#### Your assignment
Each record should be given again exactly as it appears, with no image included.

#### Data supplied
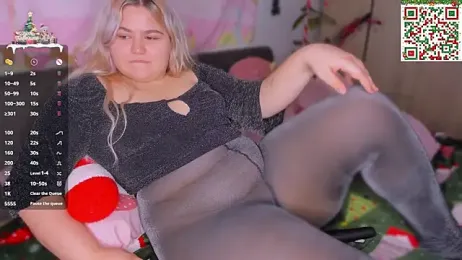 Freakcute_ — Stripchat stream photo (Dec 2025)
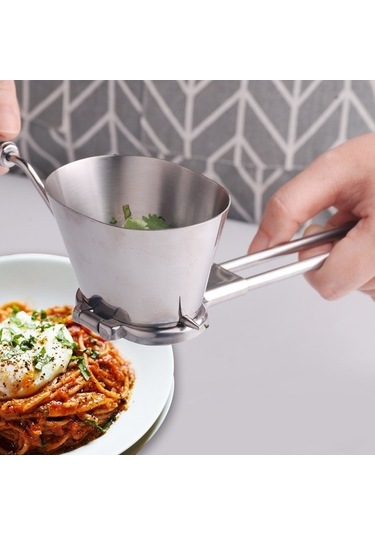 Dancemonkey Cbtx Paslanmaz Çelik Sebze Doğrayıcı, Ot Ve Çeşni Doğrayıcı, Manuel Kişniş Doğrayıcı Ot Doğrayıcı Sebze Ve Çeşni Çok Renkli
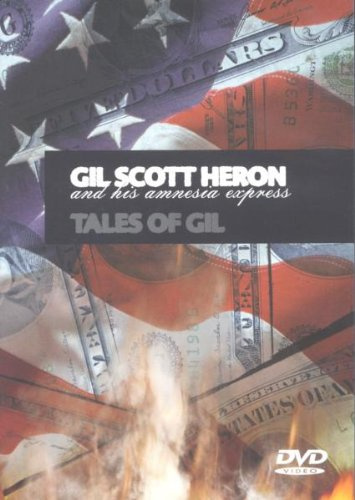 Soulfood Music Distribution / DVD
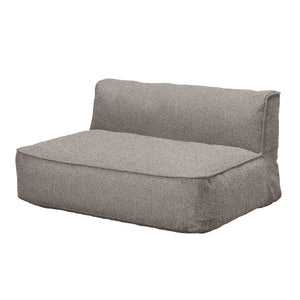 GROW 2 Sitzelement Earth Boucle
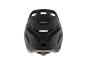 Alpina Rootage Evo Helm 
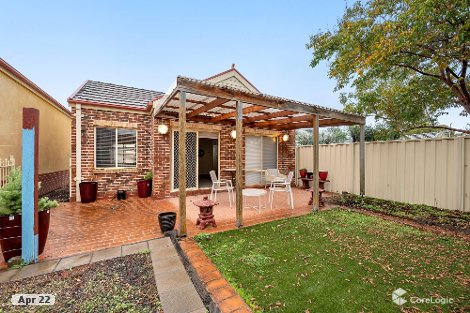 25 Bamir Sq, Ngunnawal, ACT 2913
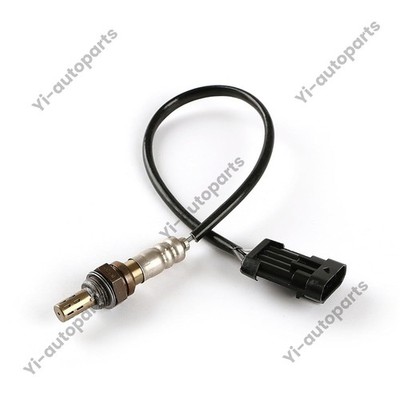 Oxygen Sensor S18-3611065 S183611065 Compatible for Chery QQ (S15) 1.0L SQR371F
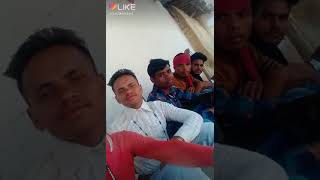 Gurp hd video atargaon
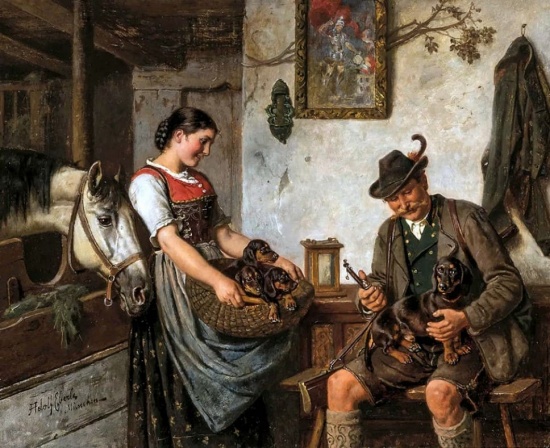    (Adolf Eberle)   27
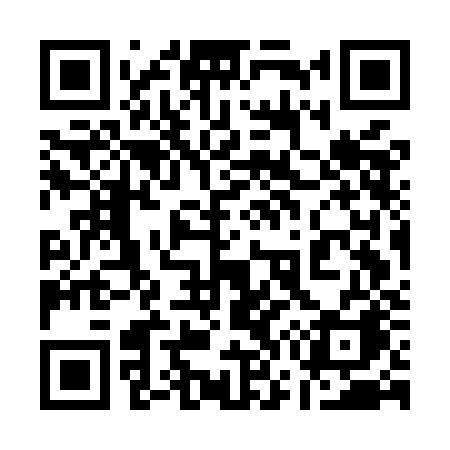 QR code for 177MJA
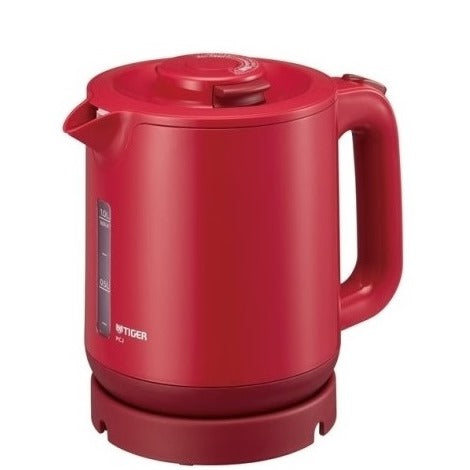 Image of the product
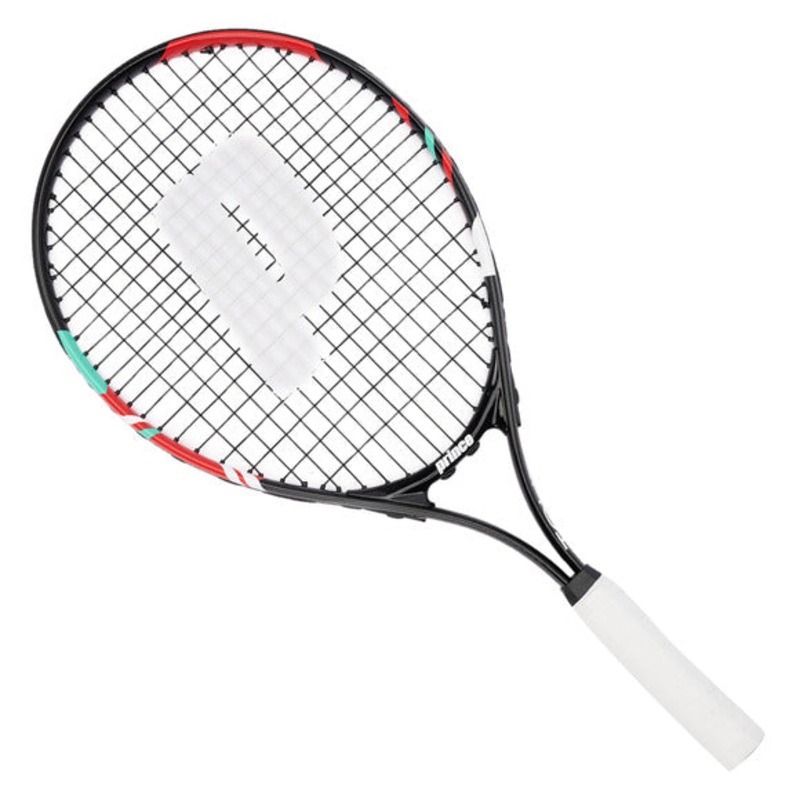 Tour 23.S Junior Tennis Racquet
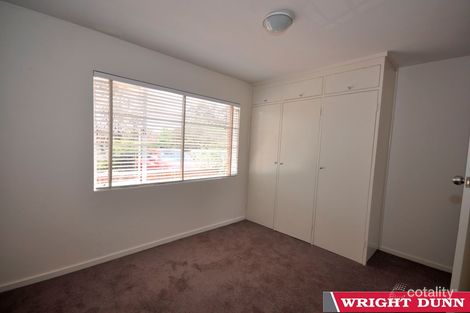 Property photo of 10/127 Madigan Street Hackett ACT 2602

#### Exercise result
 Freakcute_ — Stripchat stream photo (Dec 2025)
 Dancemonkey Cbtx Paslanmaz Çelik Sebze Doğrayıcı, Ot Ve Çeşni Doğrayıcı, Manuel Kişniş Doğrayıcı Ot Doğrayıcı Sebze Ve Çeşni Çok Renkli
 Soulfood Music Distribution / DVD
 GROW 2 Sitzelement Earth Boucle
 Alpina Rootage Evo Helm 
 25 Bamir Sq, Ngunnawal, ACT 2913
 Oxygen Sensor S18-3611065 S183611065 Compatible for Chery QQ (S15) 1.0L SQR371F
 Gurp hd video atargaon
    (Adolf Eberle)   27
 QR code for 177MJA
 Image of the product
 Tour 23.S Junior Tennis Racquet
 Property photo of 10/127 Madigan Street Hackett ACT 2602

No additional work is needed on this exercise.